Input material>
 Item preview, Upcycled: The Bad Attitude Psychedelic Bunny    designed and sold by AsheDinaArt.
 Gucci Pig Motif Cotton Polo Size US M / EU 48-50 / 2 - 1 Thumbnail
--
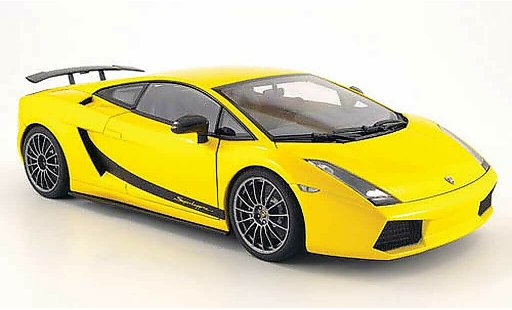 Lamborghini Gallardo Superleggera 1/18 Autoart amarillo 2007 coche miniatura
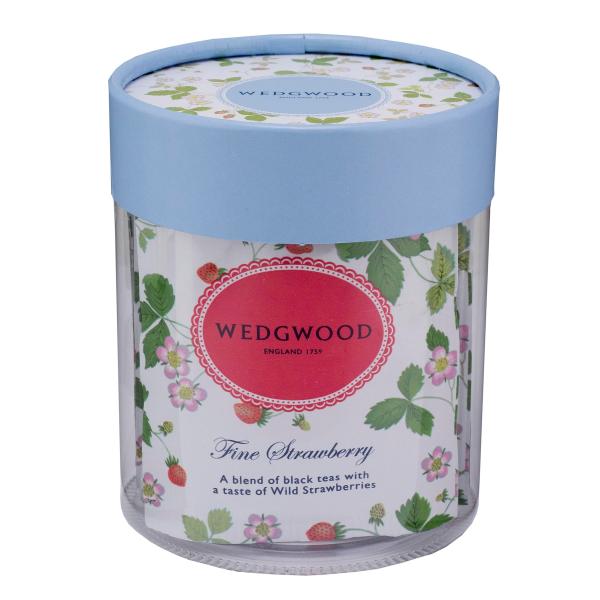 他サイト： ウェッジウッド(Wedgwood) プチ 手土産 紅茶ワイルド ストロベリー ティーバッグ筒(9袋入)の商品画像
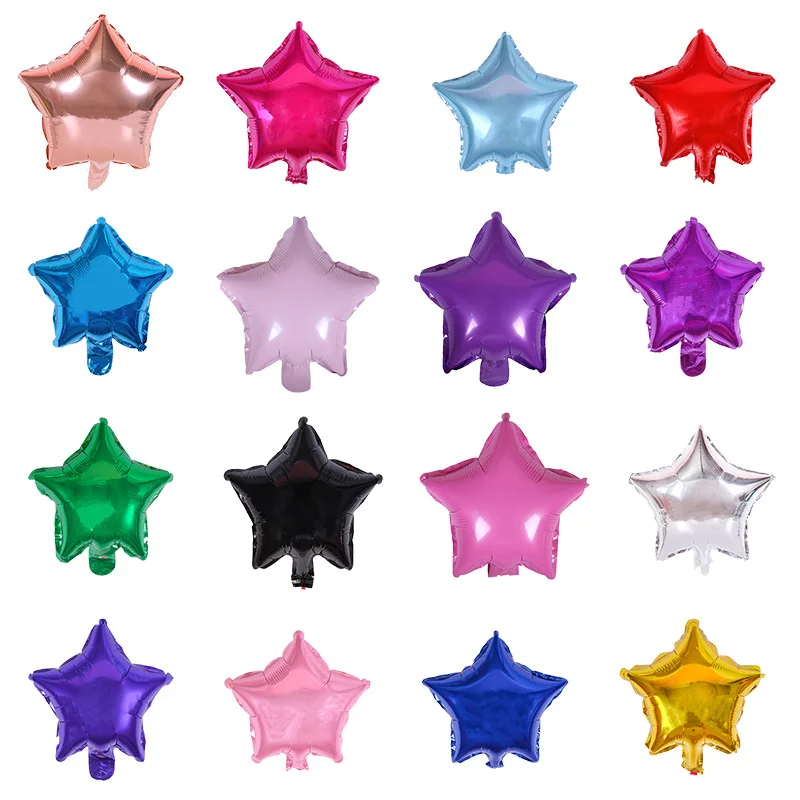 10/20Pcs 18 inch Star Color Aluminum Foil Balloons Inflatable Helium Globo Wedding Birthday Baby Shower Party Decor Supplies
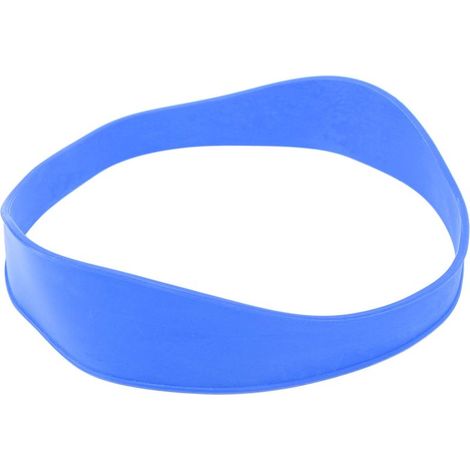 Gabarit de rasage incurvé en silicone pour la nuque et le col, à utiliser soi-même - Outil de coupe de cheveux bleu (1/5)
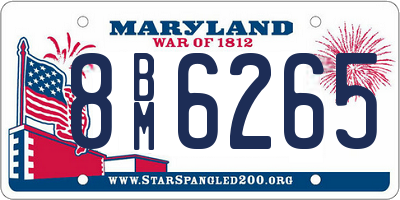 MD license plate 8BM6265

Exercise directions> Could you reproduce exactly the lines of the entries above, from the one with "Item preview, Upcycled: The" through the one with "Gucci Pig Motif", and nothing else?

Written response>
 Item preview, Upcycled: The Bad Attitude Psychedelic Bunny    designed and sold by AsheDinaArt.
 Gucci Pig Motif Cotton Polo Size US M / EU 48-50 / 2 - 1 Thumbnail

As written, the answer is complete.